The Legislation.gov.uk site is rather dull as it’s name suggests. But it is an improvement on its predecessor The Office of Public Sector Information which was very dry. The government is doing its best to appear more trendy when it comes to web design. The good thing about this site is that it acknowledges devolution in that there are tabs for United Kingdom, Scotland, Wales and Northern Ireland. I do recommend anyone who is thinking about working with data and making FOI requests that they become familiar with legislation governing freedom of information and data protection.
MySQL (pronounced ‘my sequel’ is you want to appear knowledgable within the web sphere) is a database management system. It is usually used in conjunction with PHP in web development but for data mining purposes you only need the database manager. I first came across it at the Centre for Investigative Journalism summer school. The classes in computer-assisted-reporting were being taught by David Donald from the Centre for Public Integrity. The centre published Propublica online which, in my opinion is one of the best sources of genuine first class reporting. He recommended the book Learning MySQL published by O’Reilly Media. I bought it so watch the blog for progress, gripes and tips.
ScraperWiki is the latest business venture for data miners. It has a very good and experienced team behind it who organize Hackers and Hack Days; where journalists and web developers get together for a day to dig up and visualize potential story ideas. I have been to one of these events and will keep you posted. It offers scrapers so is very handy for people who prefer to do the visualizing rather than the cleaning and primping of data sets. For all you novices, what this service provides is a quick and accurate way to retrieve good data from sets which are updating or which have changes in them.

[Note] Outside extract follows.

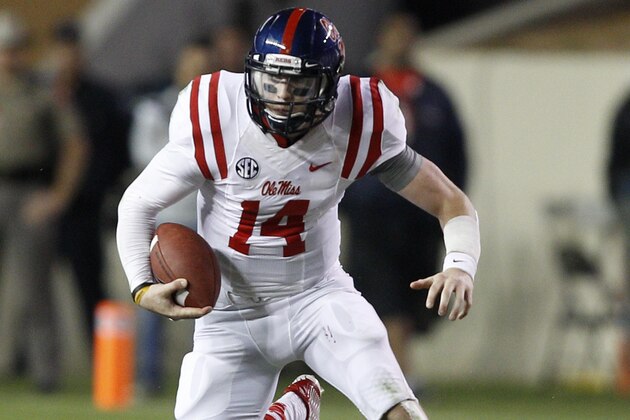 Mississippi quarterback Bo Wallace (14) looks for room as he scrambles out of the pocket against Texas A&M during the fourth quarter of an NCAA college football game Saturday, Oct. 11,  2014, in College Station, Texas. (AP Photo/Bob Levey)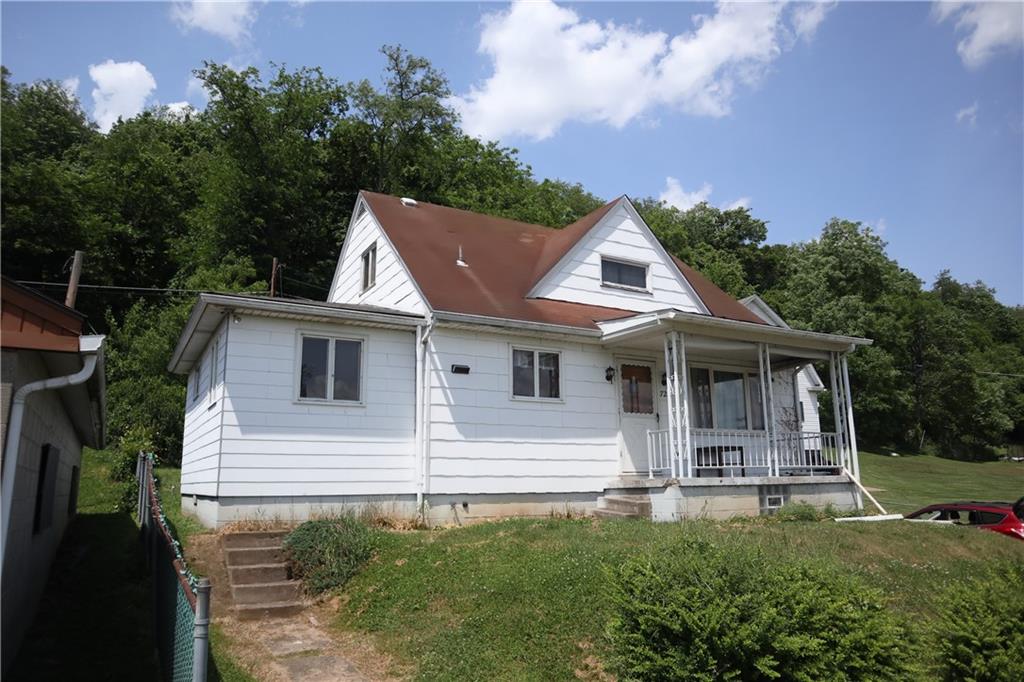 721 Spring Street Roscoe, PA 15477 - Photo 2 of 30 a front view of a house with a yard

Web developers can create and share their own scrapes. There is an option to have your scrape open or closed. For the novice data journalist looking to explore coding there are online tutorials provided. I’ll blog more about them as part of my data journey.
For a look at really advanced data usage you can’t go any further than Timetric. This is where the real data nerds reside but also where there’s a combination of data visualisation with journalism in mind. They supply the Guardian Datastore, so worth a good rummage around even if you feel you don’t have that much expertise yourself.